> [PROVIDED ENTRIES]
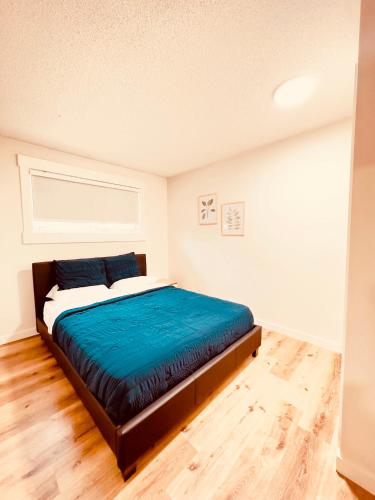 Entire 3 bedroom house في إيدمونتون: غرفة نوم مع سرير وبطانية زرقاء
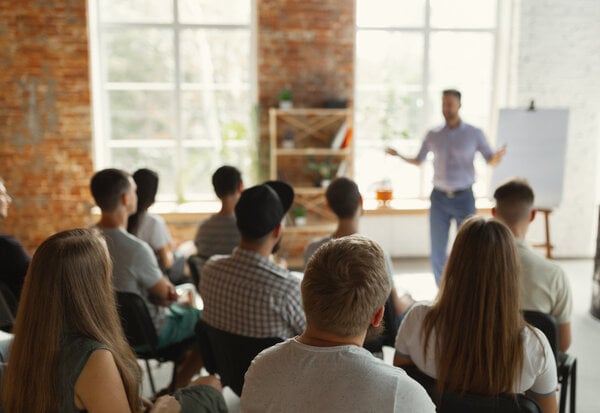 Male speaker giving presentation in hall at university workshop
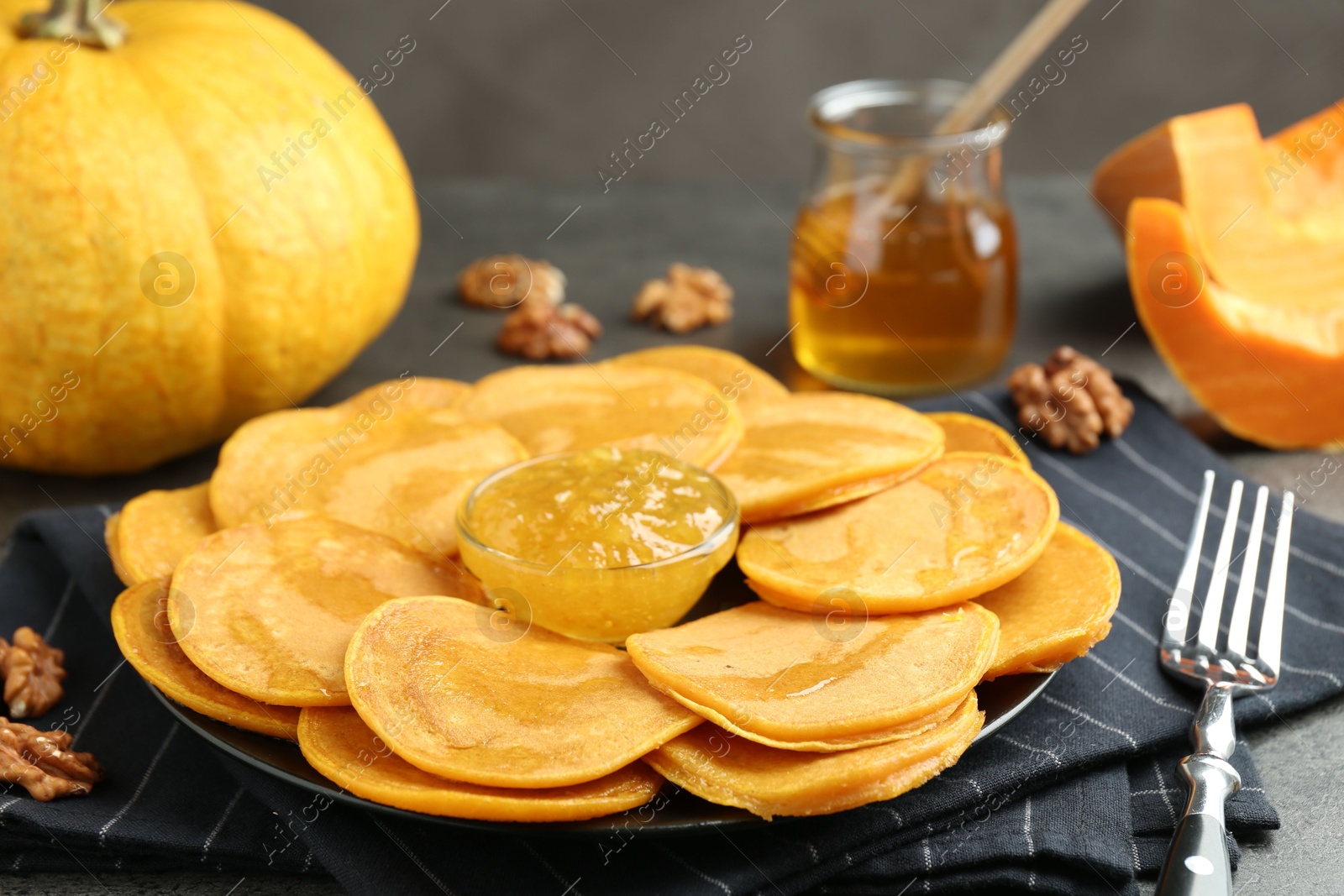 Photo of Tasty pumpkin pancakes with honey, walnuts and jam on table, closeup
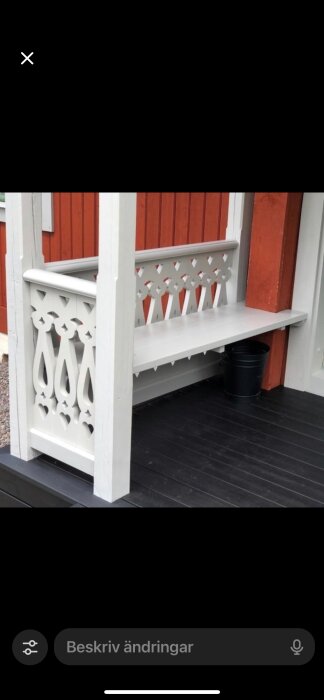 Vit, dekorerad träbänk vid röd vägg, placerad på en svart veranda. Svart kruka syns under bänken.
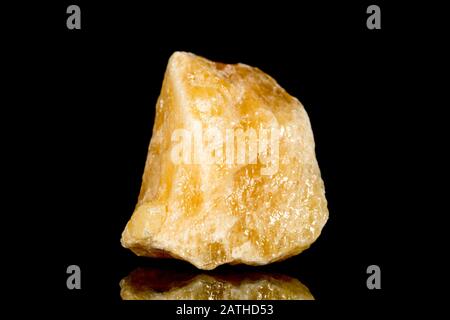 Roher oranger Kalzit mineralischer Stein vor schwarzem Hintergrund, Mineralogie und Esoterik Stockfoto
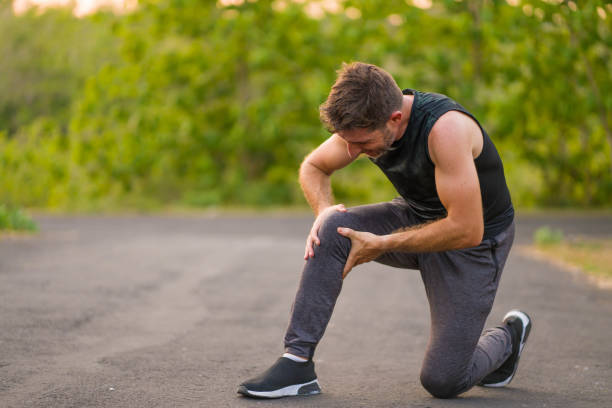 outdoors portrait of young attractive sport man in pain touching his knee suffering ligaments accident or some injury during running workout at beautiful country road in health care concept stock photo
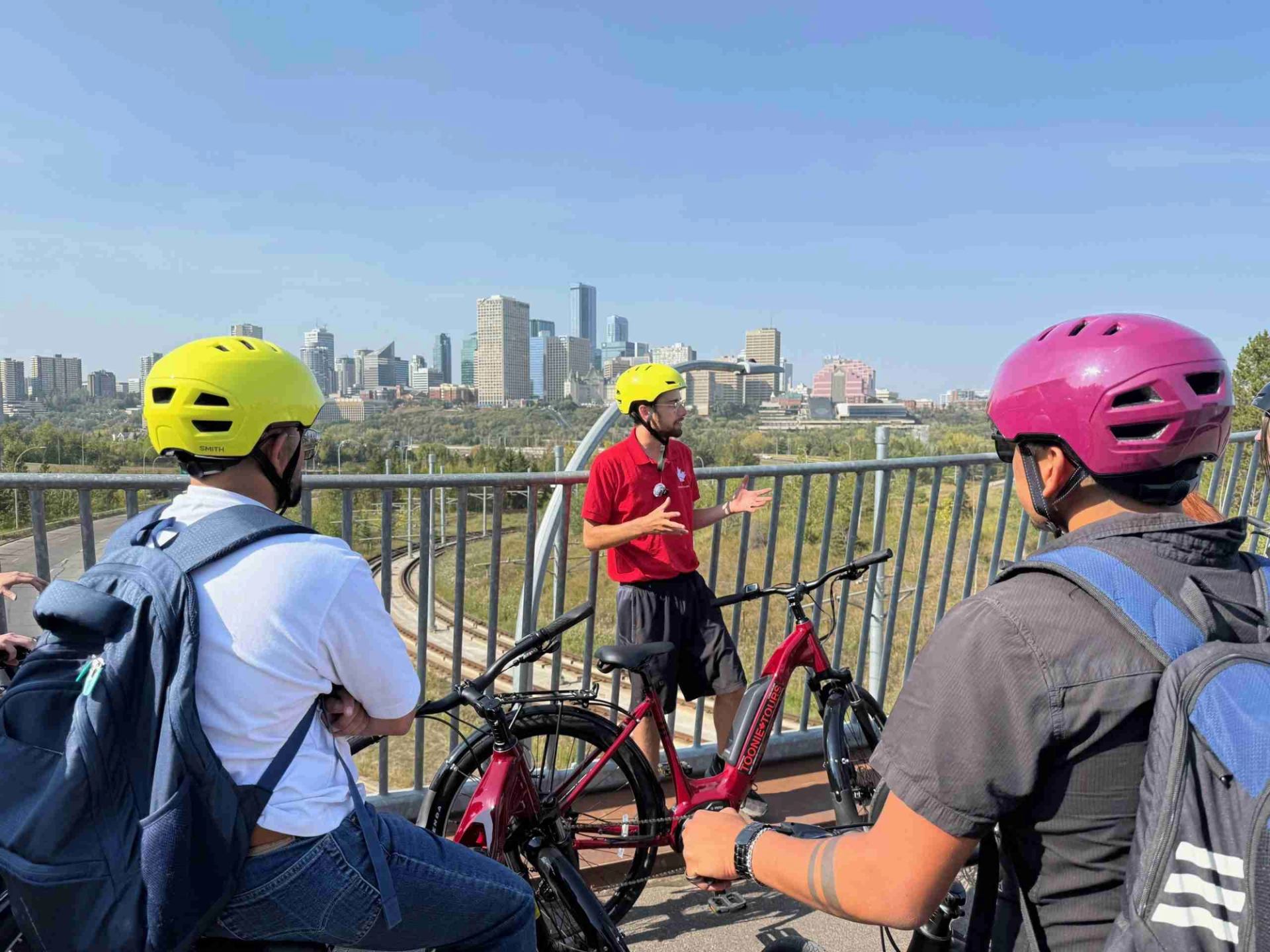 A tour guide speaks to cyclists on a bridge overlooking Edmonton's downtown skyline and river valley.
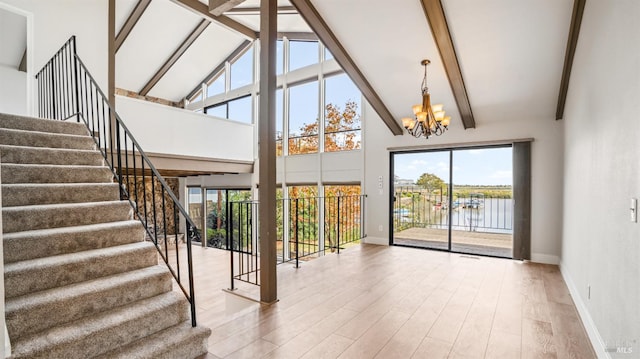 unfurnished living room featuring wood-type flooring, a water view, plenty of natural light, and high vaulted ceiling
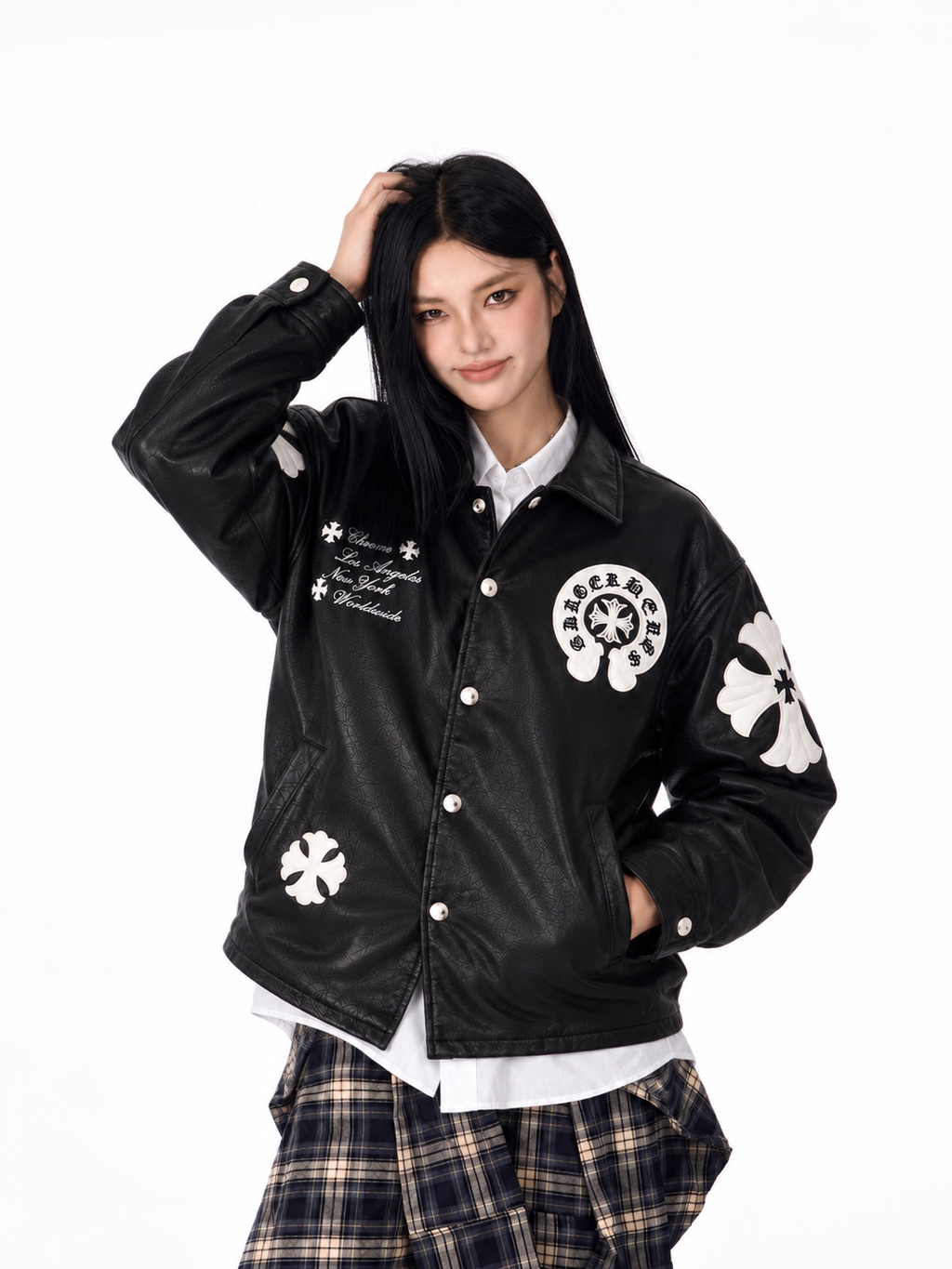 Female model wearing the unisex black Gothic cross patch leather jacket from the front, demonstrating the structured drop-shoulder drape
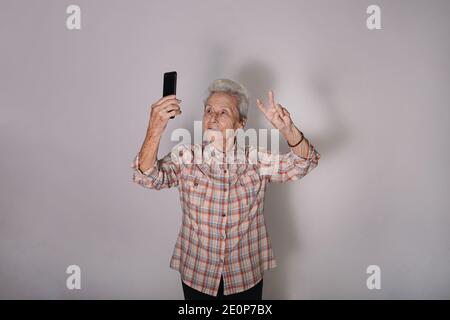 Alte Frau nimmt ein Selfie mit dem Symbol des Friedens. Stockfoto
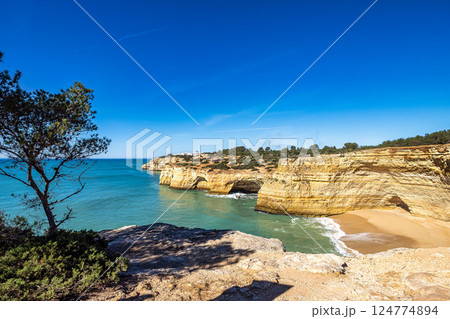 Portuguese coast in Benagil, Algarve, Portugal. Praia da Corredoura. Seven Hangging Valleys Trail. 124774894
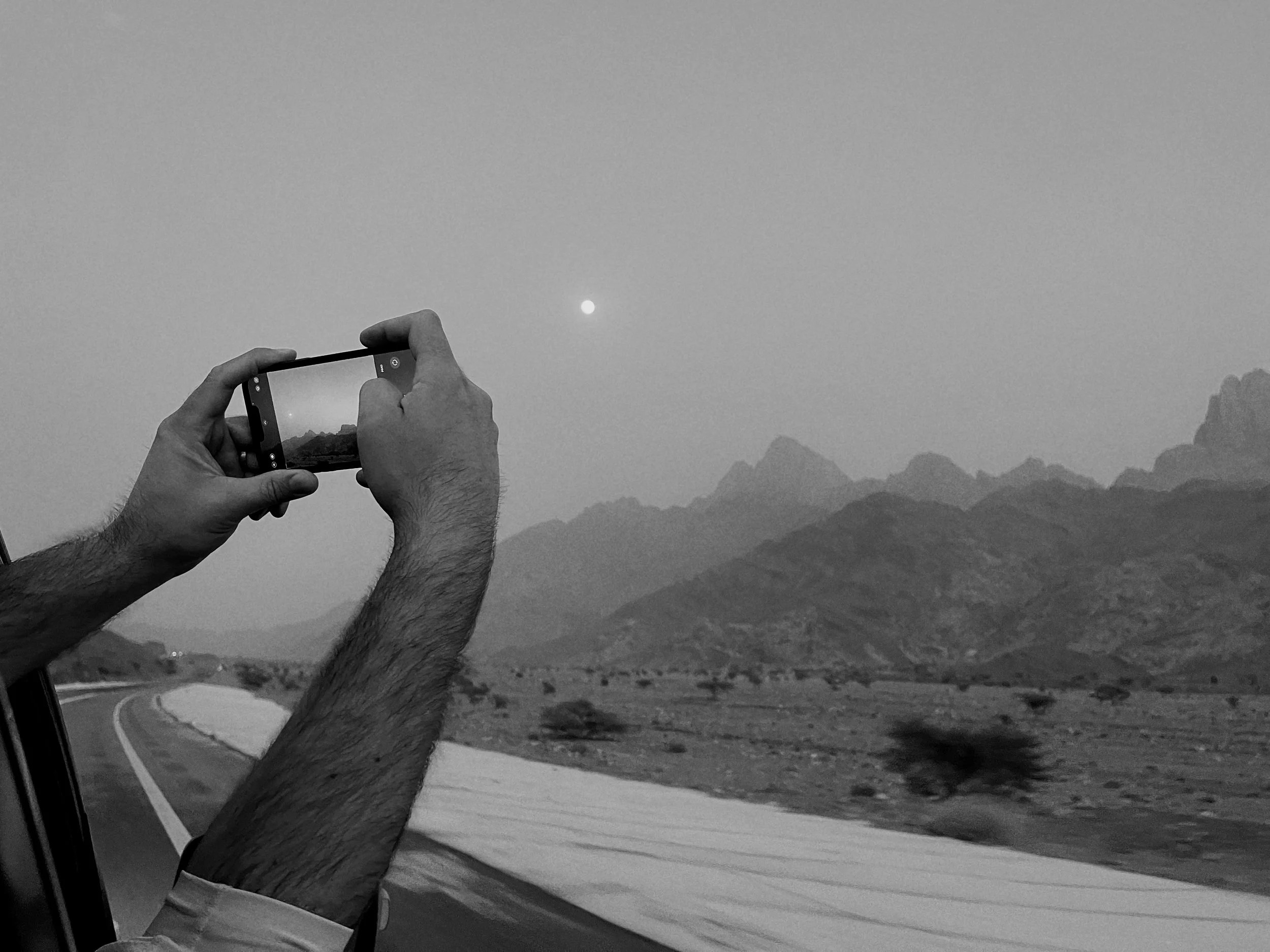  Mike Knockenhauer shooting a photo out of the window in Saudi Arabia during a dust storm. 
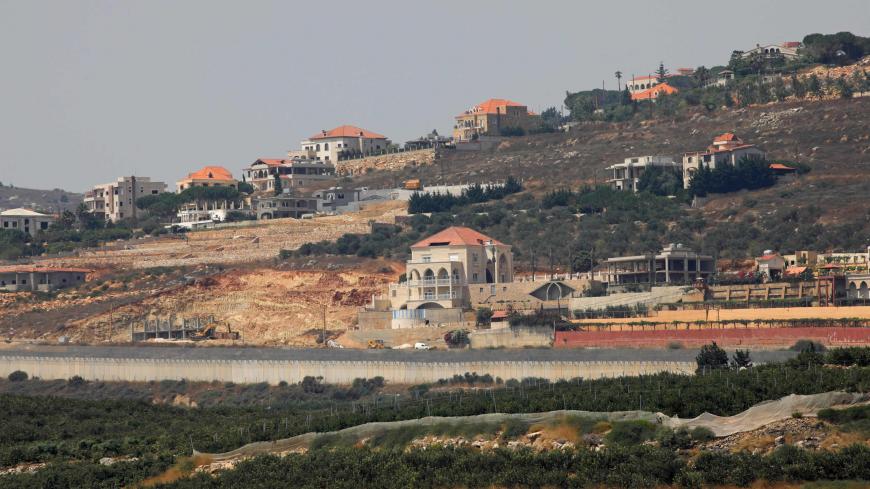 A picture taken from the northern Israeli town of Metula shows the southern Lebanese village of Kfar Kila behind the concrete barrier wall along the border between the two countries, on July 28, 2020. - Israel said it had repelled an attempt by Hezbollah fighters to penetrate its northern border on July 27, but the Lebanese group denied any involvement in the incident.  
The border clash, which Israel said included an exchange of fire between its troops and gunmen, followed days of reported heightened tensi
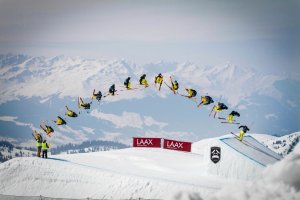 photo composite of skier jumping on a ramp in the mountains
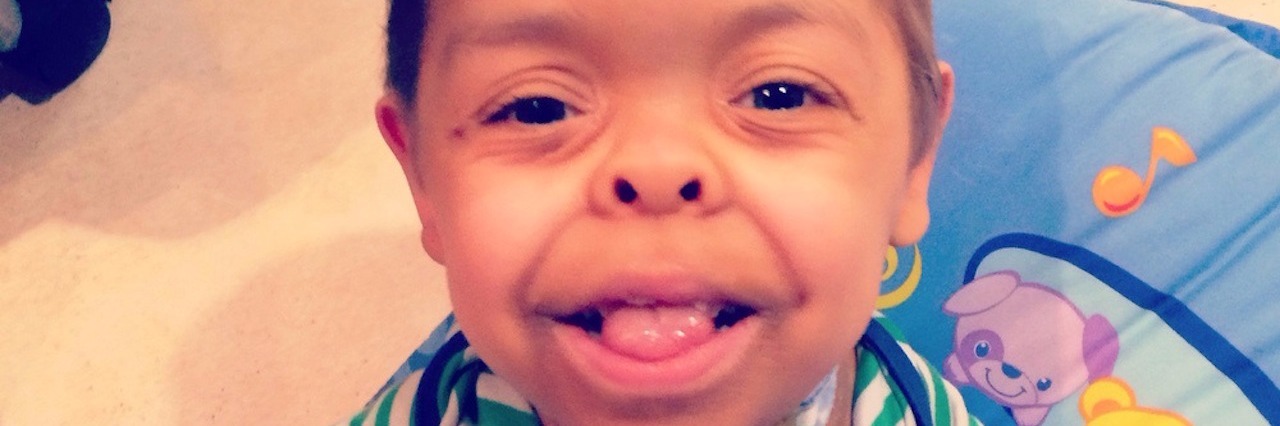 Conquering Anxiety as the Mom of a Boy With Dwarfism young boy smiling at camera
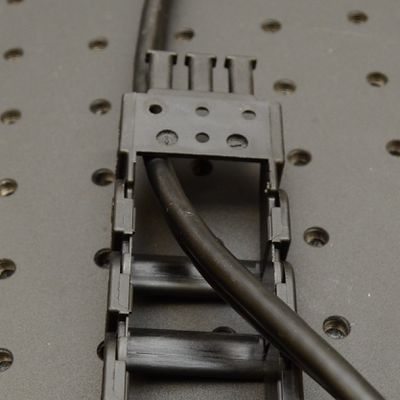 Terminations can be attached in two orientations, depending on how they will attach to the mounting adaptors. If the termination needs to be flipped, you will need to assemble the cable in the guide then remove and re-attach the termination as shown.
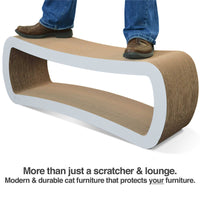 A confident person stands on the PetFusion Jumbo Cat Scratcher Lounge, showcasing its durability with its curved sides. Text below reads, Pet Fusion: More than just pet furniture—a modern, durable solution that protects your furniture.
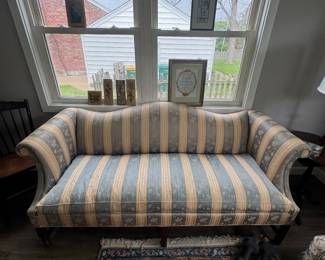 antique camel back sofa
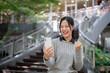 © bongkarn - A cheerful woman sits outdoors, holding up a victory fist with a big smile as she looks at her phone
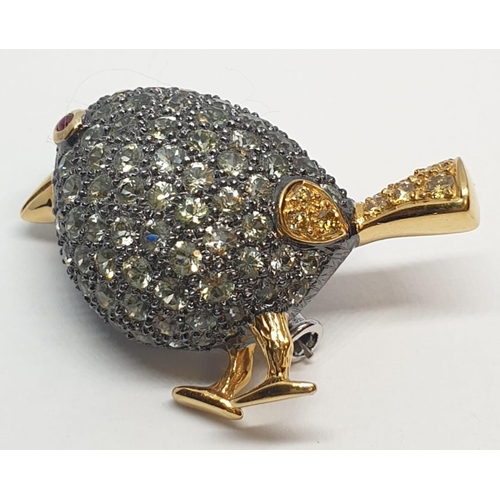 115 - 18ct Stone set bird brooch. Tail set with yellow diamonds. Weight 8.6g, Width 3.3cm.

> [WHAT TO DO] Return the complete material above exactly, with no picture.

> [EXERCISE RESULT]
 Entire 3 bedroom house في إيدمونتون: غرفة نوم مع سرير وبطانية زرقاء
 Male speaker giving presentation in hall at university workshop
 Photo of Tasty pumpkin pancakes with honey, walnuts and jam on table, closeup
 Vit, dekorerad träbänk vid röd vägg, placerad på en svart veranda. Svart kruka syns under bänken.
 Roher oranger Kalzit mineralischer Stein vor schwarzem Hintergrund, Mineralogie und Esoterik Stockfoto
 outdoors portrait of young attractive sport man in pain touching his knee suffering ligaments accident or some injury during running workout at beautiful country road in health care concept stock photo
 A tour guide speaks to cyclists on a bridge overlooking Edmonton's downtown skyline and river valley.
 unfurnished living room featuring wood-type flooring, a water view, plenty of natural light, and high vaulted ceiling
 Female model wearing the unisex black Gothic cross patch leather jacket from the front, demonstrating the structured drop-shoulder drape
 Alte Frau nimmt ein Selfie mit dem Symbol des Friedens. Stockfoto
 Portuguese coast in Benagil, Algarve, Portugal. Praia da Corredoura. Seven Hangging Valleys Trail. 124774894
  Mike Knockenhauer shooting a photo out of the window in Saudi Arabia during a dust storm. 
 A picture taken from the northern Israeli town of Metula shows the southern Lebanese village of Kfar Kila behind the concrete barrier wall along the border between the two countries, on July 28, 2020. - Israel said it had repelled an attempt by Hezbollah fighters to penetrate its northern border on July 27, but the Lebanese group denied any involvement in the incident.  
The border clash, which Israel said included an exchange of fire between its troops and gunmen, followed days of reported heightened tensi
 photo composite of skier jumping on a ramp in the mountains
 Conquering Anxiety as the Mom of a Boy With Dwarfism young boy smiling at camera
 Terminations can be attached in two orientations, depending on how they will attach to the mounting adaptors. If the termination needs to be flipped, you will need to assemble the cable in the guide then remove and re-attach the termination as shown.
 A confident person stands on the PetFusion Jumbo Cat Scratcher Lounge, showcasing its durability with its curved sides. Text below reads, Pet Fusion: More than just pet furniture—a modern, durable solution that protects your furniture.
 antique camel back sofa
 © bongkarn - A cheerful woman sits outdoors, holding up a victory fist with a big smile as she looks at her phone
 115 - 18ct Stone set bird brooch. Tail set with yellow diamonds. Weight 8.6g, Width 3.3cm.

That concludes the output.